Exact copies of the lines from the one holding "Huile de massage" through the last line of the entries below are to be printed, with pictures omitted.

Recorded data:
==============================

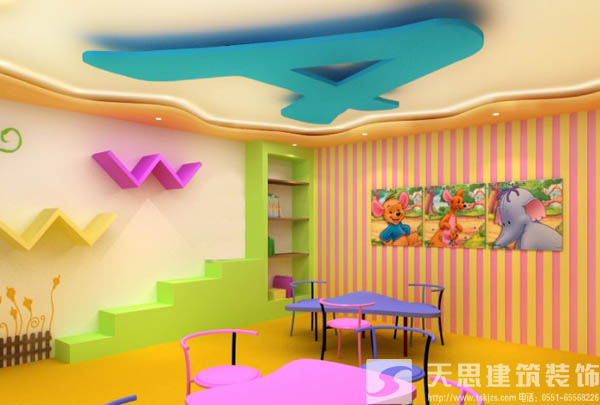 <a href=http://guoruitong.com/youeryuan/ target=_blank class=infotextkey>合肥幼兒園裝修</a>效果圖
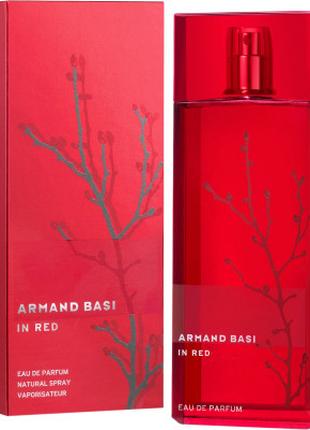 Парфюмированная вода Armand Basi In Red Eau de Parfum 50 мл (8...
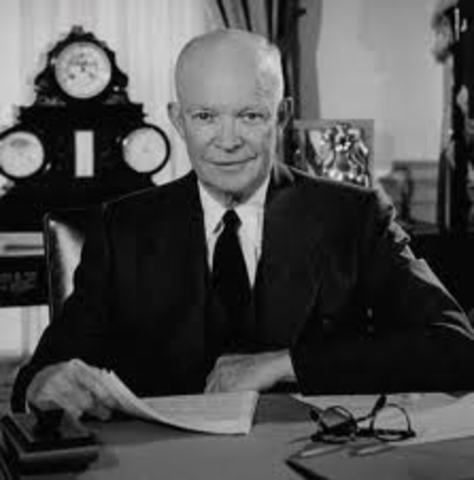 Eisenhower's re-election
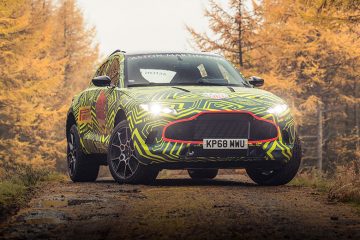 Aston Martin DBX Prototype feature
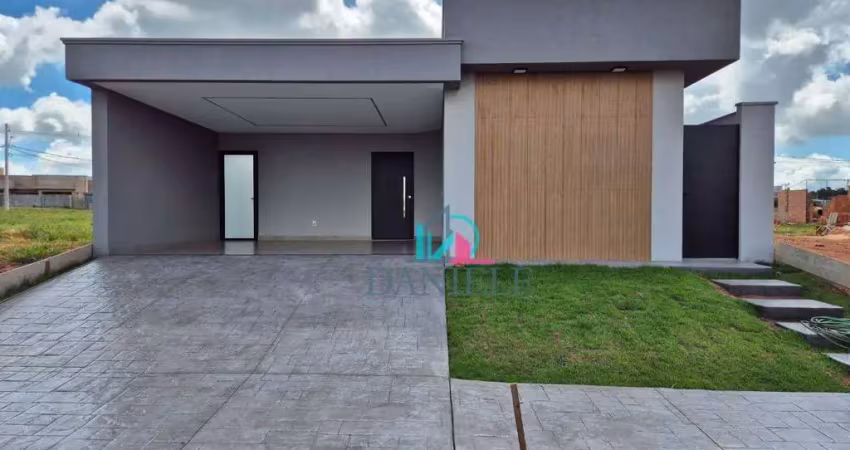 Casa com 3 dormitórios à venda, 158 m² por R$ 1.150.000,00 - Parque Residencial Damha - Araraquara/SP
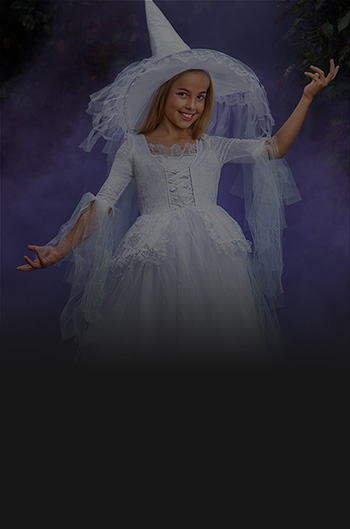 A dimmed image of one of our made by us costumes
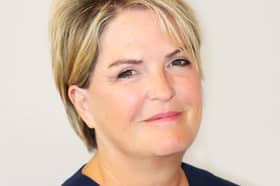 Rachel Overfield, chief executive of Compton Care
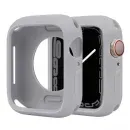 Premium Shockproof Silicone Case for Apple Watch – Full Protection with Stylish Color Options - Fog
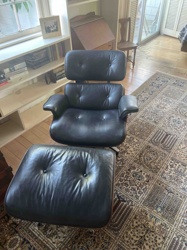 Eames Lounge Chair and Ottoman (670 and 671)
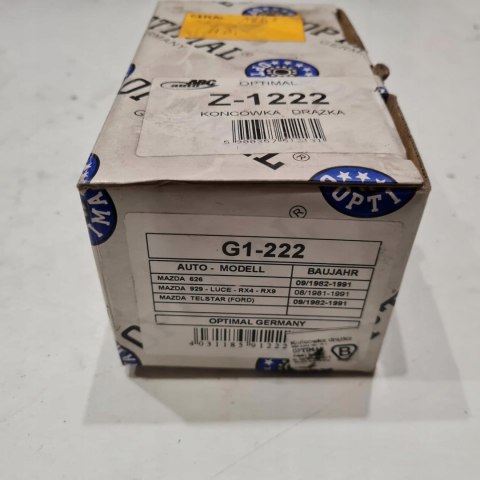 MAZDA 626 929 MX-6 XEDOS 6 KOŃCÓWKA DRĄŻKA KIEROWNICZEGO OPTIMAL G1-222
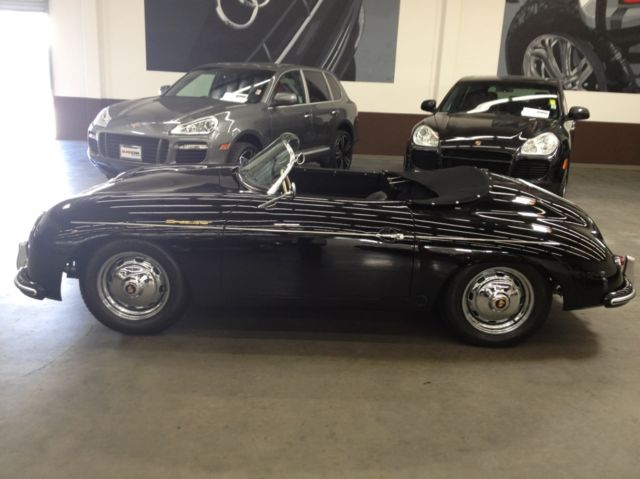 1957 Porsche 356 Speedster 1600 Reproduction - photo 11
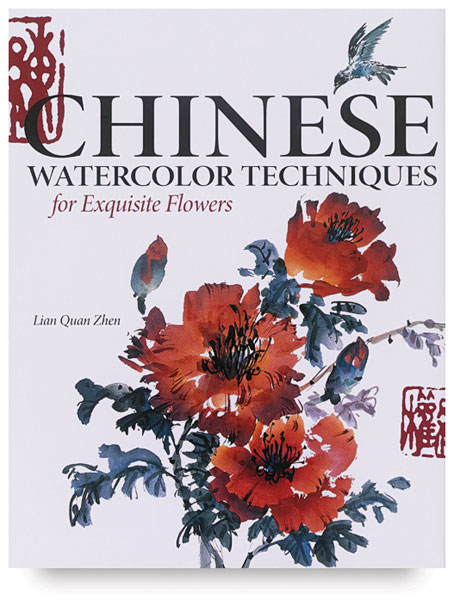 Chinese Watercolor Techniques for Exquisite Flowers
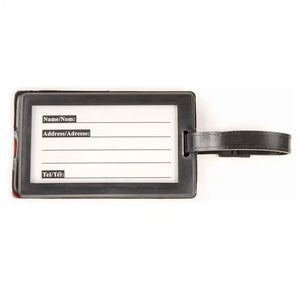 Contact Information insert Luggage Tag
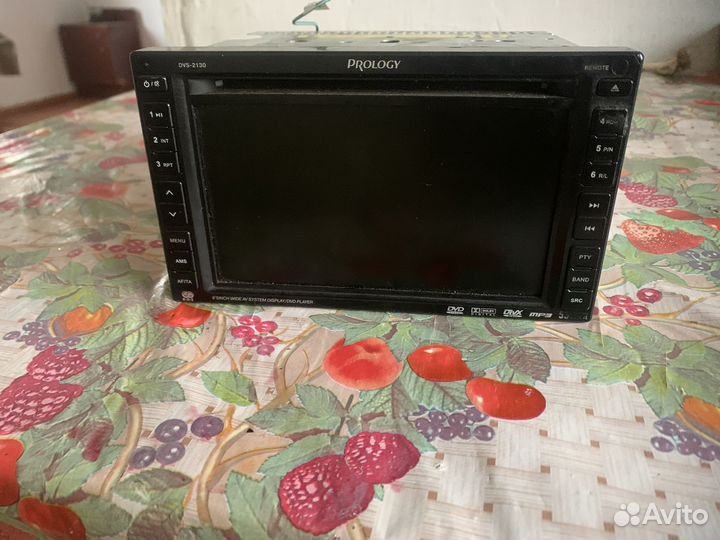 Магнитола prology
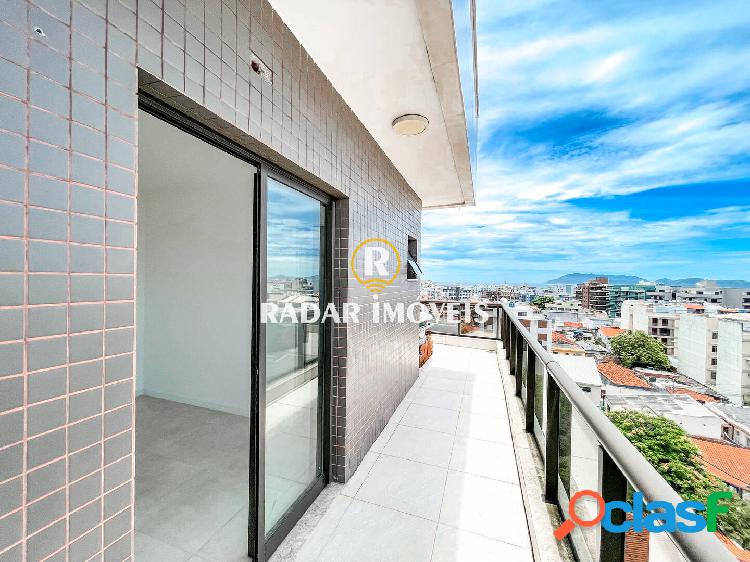 Cobertura, 151m2, Centro - Cabo Frio, à venda por R$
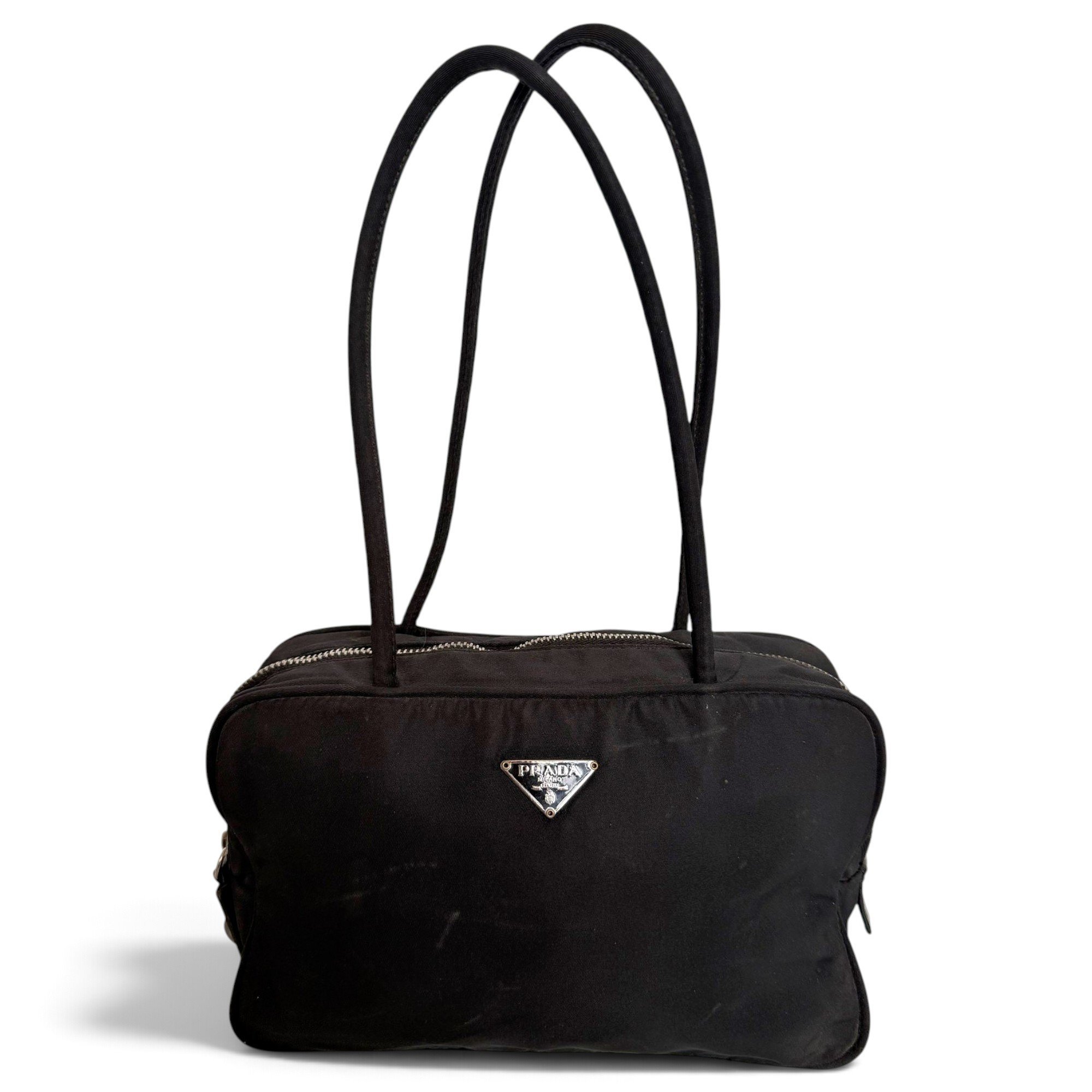 Re-Nylon cloth handbag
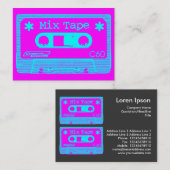 Carte De Visite Pop de bande II (Devant / Derrière)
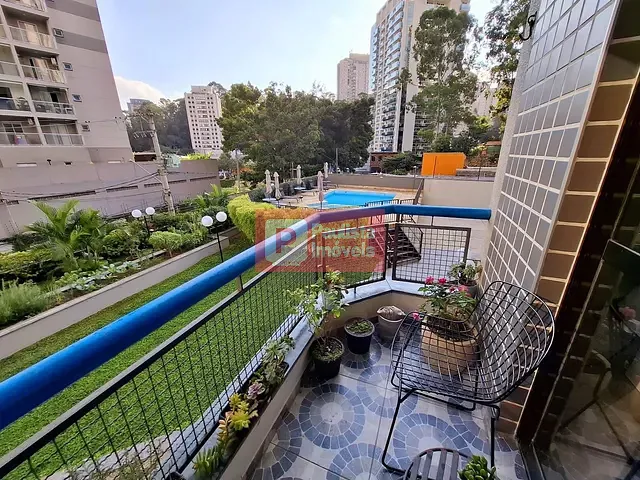 Apartamento 3 quartos e 4 banheiros, à venda, no bairro Vila Andrade em São Paulo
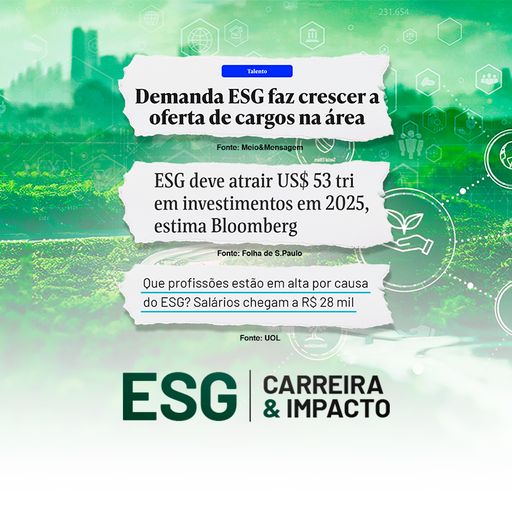 Workshop ESG: Carreira & Impacto.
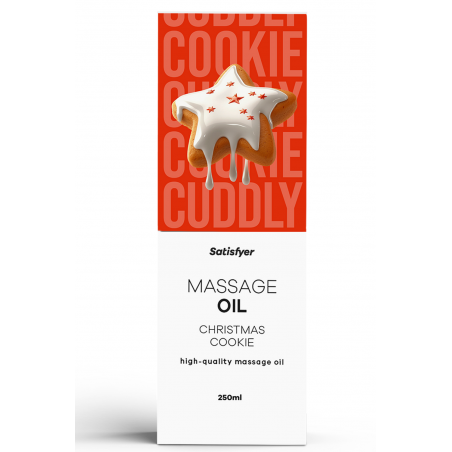 Huile de massage Cookie de Noël 250 ml Satisfyer - CC597060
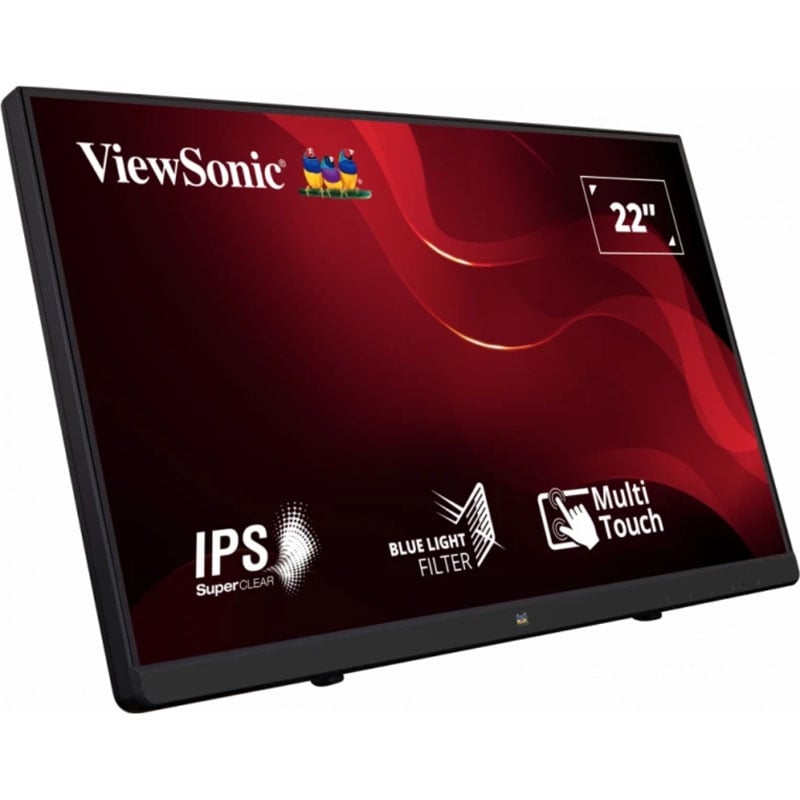 Монитор ViewSonic TD2230 сенсорный IPS 1920x1080 Full HD 21,5"/6W (23252072)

==============================

▸ **Problem solution**
 Huile de massage Cookie de Noël 250 ml Satisfyer - CC597060
 Монитор ViewSonic TD2230 сенсорный IPS 1920x1080 Full HD 21,5"/6W (23252072)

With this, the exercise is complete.